-Don't panic seeing the portfolio management excel sheet firstly. Go through the videos of the Portfolio Management videos first and then try to simultaneously solve the excel sheet.
-Here is the conceptual solution of question 6 of the Portfolio Management Module worksheet.
The first part of the solution of the question, deals with the expense amount required by you at the age of 60. Say currently you need 1 lakh for expenses in the present; at 60 this amount will need to be recalculated again due to inflation.
The second part of the solution helps you to find the amount i.e. corpus required by you between 60-90 for spending and living. This amount will be kept in a low risk deposit.
The third part of the solution helps you to find out the amount you will be depositing from 20 to 60, so you can have sufficient corpus required at the age of 60.
PS: The inflation for the period of 60-90 is not calculated, so there are two ways:
a. You can calculate it for every 5 year block and reach till 90 for exact calculation. Tell you this would require good efforts, but make you pretty confident.
b. You can use a hack and calculate the inflated value of your amount required at 90. Although this will help you with a surplus-
- The bonuses mentioned in the "Types of Financial Investment" video are now part of the course and dispersed throughout. So keep learning through the course.
- In the CAGR calculation, you have to figure out your SIP required by your for every financial goal of yours, not only retirement.

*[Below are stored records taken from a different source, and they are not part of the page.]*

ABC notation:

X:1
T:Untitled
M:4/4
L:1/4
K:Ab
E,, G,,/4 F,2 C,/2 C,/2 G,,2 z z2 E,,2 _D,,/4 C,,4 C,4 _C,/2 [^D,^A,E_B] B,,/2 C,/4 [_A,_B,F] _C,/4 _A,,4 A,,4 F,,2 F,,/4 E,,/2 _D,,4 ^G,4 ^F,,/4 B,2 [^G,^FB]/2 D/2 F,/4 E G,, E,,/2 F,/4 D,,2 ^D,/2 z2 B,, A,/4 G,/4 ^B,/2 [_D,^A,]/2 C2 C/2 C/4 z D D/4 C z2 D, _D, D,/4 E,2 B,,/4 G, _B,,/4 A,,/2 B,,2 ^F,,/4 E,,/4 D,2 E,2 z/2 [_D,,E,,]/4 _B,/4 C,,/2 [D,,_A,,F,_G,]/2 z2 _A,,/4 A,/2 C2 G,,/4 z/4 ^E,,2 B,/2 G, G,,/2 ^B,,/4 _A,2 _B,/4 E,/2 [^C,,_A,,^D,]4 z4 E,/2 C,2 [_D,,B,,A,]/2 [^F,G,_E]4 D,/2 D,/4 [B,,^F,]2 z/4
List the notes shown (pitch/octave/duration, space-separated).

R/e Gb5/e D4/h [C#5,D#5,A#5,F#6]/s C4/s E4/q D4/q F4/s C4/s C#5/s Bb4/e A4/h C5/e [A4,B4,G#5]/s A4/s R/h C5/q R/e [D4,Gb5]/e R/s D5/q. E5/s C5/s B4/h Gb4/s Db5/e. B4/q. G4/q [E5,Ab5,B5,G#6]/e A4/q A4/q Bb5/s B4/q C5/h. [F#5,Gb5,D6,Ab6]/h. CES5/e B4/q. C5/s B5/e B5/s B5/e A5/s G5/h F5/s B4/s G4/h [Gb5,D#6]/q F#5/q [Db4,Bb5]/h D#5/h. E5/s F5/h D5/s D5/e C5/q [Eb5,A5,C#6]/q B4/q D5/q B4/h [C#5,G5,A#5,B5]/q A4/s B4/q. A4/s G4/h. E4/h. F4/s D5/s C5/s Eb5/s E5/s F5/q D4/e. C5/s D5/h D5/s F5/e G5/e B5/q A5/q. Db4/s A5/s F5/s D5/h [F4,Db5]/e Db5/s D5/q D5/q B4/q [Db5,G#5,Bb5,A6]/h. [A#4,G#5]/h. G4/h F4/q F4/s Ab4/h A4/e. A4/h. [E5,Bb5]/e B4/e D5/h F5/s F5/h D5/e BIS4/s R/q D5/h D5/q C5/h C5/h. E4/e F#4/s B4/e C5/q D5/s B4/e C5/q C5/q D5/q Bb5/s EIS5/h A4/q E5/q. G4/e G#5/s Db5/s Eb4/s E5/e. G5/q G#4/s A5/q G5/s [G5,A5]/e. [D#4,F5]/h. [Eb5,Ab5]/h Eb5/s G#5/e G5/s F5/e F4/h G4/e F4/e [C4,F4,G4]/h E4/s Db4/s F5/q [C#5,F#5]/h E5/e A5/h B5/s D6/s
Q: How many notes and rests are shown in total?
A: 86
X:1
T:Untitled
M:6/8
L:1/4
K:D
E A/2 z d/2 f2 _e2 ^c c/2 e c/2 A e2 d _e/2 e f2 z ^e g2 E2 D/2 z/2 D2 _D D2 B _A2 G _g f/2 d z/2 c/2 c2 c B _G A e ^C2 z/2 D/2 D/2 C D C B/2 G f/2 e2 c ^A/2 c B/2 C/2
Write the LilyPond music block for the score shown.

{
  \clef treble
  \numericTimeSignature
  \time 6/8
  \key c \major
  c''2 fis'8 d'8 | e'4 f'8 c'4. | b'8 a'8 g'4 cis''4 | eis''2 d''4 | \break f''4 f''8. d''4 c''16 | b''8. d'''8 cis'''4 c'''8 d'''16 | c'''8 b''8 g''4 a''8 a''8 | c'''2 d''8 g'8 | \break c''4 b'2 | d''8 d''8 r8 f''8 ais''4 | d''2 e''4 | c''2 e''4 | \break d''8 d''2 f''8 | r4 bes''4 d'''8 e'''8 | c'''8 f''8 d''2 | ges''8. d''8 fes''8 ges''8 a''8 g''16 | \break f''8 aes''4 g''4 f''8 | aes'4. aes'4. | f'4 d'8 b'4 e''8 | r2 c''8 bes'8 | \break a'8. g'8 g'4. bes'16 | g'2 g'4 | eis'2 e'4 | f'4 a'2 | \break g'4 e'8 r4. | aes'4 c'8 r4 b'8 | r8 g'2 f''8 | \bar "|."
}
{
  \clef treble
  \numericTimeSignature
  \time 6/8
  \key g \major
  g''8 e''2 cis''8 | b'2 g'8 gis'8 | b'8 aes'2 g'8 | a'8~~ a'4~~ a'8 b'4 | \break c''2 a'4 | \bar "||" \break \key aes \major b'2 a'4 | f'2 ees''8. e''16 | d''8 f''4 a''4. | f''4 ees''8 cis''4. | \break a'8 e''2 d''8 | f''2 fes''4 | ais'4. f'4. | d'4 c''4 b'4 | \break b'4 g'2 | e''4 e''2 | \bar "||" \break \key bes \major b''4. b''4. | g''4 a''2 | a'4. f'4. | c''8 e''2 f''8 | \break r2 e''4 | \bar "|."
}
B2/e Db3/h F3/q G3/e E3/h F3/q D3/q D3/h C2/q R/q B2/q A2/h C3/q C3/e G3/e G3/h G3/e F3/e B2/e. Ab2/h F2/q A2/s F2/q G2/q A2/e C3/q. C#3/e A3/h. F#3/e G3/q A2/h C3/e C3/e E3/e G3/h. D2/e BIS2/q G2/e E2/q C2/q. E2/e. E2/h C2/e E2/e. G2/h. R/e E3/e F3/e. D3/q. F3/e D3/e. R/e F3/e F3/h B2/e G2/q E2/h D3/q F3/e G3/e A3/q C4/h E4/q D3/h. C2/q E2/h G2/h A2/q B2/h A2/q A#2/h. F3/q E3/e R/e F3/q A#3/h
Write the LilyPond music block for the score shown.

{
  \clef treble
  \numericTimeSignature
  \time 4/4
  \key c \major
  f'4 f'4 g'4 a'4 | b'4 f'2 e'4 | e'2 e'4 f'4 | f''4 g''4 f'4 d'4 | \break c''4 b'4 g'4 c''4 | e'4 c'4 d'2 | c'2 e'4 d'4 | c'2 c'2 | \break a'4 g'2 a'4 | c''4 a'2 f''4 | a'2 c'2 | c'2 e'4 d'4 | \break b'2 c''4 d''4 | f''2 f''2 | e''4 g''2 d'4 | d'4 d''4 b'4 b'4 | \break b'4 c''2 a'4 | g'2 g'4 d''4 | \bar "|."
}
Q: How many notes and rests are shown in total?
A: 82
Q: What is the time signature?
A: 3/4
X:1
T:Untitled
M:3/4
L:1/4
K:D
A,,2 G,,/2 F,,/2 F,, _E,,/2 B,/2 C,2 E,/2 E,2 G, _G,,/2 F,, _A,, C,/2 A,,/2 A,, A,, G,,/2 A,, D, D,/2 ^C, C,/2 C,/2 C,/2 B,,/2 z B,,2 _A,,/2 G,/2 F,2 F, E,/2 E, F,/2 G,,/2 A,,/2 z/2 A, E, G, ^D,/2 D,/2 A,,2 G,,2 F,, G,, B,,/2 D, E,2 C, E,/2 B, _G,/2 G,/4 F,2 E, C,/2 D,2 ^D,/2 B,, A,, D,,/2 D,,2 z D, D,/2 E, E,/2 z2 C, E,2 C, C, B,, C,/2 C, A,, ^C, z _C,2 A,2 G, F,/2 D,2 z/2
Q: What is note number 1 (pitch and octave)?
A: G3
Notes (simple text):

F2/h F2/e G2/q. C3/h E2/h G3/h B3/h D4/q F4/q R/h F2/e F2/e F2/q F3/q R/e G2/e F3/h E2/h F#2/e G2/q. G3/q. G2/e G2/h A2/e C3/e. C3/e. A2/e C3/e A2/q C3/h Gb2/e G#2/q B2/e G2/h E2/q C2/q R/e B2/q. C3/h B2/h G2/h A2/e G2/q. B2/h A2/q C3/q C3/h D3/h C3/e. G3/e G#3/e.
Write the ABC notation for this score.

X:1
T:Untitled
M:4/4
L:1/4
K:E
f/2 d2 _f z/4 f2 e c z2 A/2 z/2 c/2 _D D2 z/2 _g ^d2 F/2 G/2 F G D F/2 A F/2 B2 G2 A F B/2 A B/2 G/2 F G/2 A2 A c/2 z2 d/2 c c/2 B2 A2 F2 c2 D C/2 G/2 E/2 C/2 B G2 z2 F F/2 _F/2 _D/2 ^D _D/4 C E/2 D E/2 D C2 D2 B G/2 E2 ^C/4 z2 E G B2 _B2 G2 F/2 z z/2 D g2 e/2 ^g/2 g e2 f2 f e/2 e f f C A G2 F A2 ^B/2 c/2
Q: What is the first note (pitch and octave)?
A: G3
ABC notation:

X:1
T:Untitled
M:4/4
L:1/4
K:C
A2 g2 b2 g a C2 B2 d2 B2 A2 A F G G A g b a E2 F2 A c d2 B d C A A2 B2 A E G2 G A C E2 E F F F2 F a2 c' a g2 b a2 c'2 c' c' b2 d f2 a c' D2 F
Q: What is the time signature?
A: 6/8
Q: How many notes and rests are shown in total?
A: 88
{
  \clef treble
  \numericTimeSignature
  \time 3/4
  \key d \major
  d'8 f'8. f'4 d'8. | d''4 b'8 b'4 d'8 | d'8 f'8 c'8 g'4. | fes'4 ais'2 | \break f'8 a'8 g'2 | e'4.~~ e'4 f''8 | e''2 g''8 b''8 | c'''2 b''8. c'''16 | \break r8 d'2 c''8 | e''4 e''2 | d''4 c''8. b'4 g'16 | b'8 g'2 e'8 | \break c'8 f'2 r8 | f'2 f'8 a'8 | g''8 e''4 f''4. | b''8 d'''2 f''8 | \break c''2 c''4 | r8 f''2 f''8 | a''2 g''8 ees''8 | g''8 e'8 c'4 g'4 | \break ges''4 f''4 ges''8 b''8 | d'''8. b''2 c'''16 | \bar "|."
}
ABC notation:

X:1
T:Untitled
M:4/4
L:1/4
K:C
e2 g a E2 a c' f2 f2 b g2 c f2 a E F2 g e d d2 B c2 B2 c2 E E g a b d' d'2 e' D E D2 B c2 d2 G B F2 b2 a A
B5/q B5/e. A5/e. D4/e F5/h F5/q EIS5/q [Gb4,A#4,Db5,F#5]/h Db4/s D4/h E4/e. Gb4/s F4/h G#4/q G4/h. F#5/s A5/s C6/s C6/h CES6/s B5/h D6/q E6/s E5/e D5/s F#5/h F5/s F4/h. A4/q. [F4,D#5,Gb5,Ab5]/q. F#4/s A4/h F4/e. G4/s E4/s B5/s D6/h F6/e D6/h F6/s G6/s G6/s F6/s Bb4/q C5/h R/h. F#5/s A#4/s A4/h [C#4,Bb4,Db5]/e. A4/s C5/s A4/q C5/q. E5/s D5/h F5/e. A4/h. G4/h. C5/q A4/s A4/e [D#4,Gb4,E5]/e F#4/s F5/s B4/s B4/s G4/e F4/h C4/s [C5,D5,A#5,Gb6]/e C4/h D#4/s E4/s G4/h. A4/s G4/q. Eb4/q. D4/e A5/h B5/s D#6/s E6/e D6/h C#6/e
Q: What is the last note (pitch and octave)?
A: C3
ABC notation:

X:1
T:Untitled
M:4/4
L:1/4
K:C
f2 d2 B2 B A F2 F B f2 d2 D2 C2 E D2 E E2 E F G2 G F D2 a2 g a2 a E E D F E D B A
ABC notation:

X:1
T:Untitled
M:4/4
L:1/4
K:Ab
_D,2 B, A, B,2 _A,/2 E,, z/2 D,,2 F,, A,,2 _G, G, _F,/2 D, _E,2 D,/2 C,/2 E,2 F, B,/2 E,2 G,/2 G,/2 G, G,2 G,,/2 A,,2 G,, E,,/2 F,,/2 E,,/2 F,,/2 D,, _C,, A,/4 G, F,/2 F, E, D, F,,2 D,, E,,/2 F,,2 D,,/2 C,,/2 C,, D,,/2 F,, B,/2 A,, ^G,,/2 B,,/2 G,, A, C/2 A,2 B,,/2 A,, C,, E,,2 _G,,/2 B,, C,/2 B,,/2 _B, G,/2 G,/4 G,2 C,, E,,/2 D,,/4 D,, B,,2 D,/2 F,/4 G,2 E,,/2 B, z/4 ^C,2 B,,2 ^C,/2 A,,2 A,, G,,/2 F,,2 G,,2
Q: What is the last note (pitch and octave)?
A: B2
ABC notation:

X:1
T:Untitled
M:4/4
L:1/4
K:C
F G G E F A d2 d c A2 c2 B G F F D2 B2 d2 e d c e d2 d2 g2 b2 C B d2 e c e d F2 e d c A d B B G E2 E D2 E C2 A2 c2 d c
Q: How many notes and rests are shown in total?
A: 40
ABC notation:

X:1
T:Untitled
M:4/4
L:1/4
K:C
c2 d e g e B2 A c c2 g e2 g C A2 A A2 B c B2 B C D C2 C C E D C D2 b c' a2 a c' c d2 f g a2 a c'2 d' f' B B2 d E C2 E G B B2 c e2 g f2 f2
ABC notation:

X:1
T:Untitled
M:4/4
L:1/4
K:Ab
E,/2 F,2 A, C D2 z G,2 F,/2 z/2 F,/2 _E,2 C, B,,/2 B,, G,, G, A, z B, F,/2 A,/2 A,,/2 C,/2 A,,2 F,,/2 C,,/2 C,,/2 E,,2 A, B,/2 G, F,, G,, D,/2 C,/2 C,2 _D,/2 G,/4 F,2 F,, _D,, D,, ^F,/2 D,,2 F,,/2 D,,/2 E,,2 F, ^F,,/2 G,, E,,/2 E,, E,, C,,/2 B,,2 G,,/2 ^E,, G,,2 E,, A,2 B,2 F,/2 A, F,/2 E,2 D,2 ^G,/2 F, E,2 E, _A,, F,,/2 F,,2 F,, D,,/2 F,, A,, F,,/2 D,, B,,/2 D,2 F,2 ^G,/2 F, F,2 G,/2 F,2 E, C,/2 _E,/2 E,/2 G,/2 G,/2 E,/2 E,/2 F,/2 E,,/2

Right now, you have to take the return on investment as we have told you in the portfolio management videos, but as soon as you progress you will learn to know about different investment assets and their expected rate of return.
Those who are completely unaware of the insurance can refer to sites such as Policybazar to find the rates of return on different insurance policies.
PS: Don't share your number there as you may start to receive spam calls.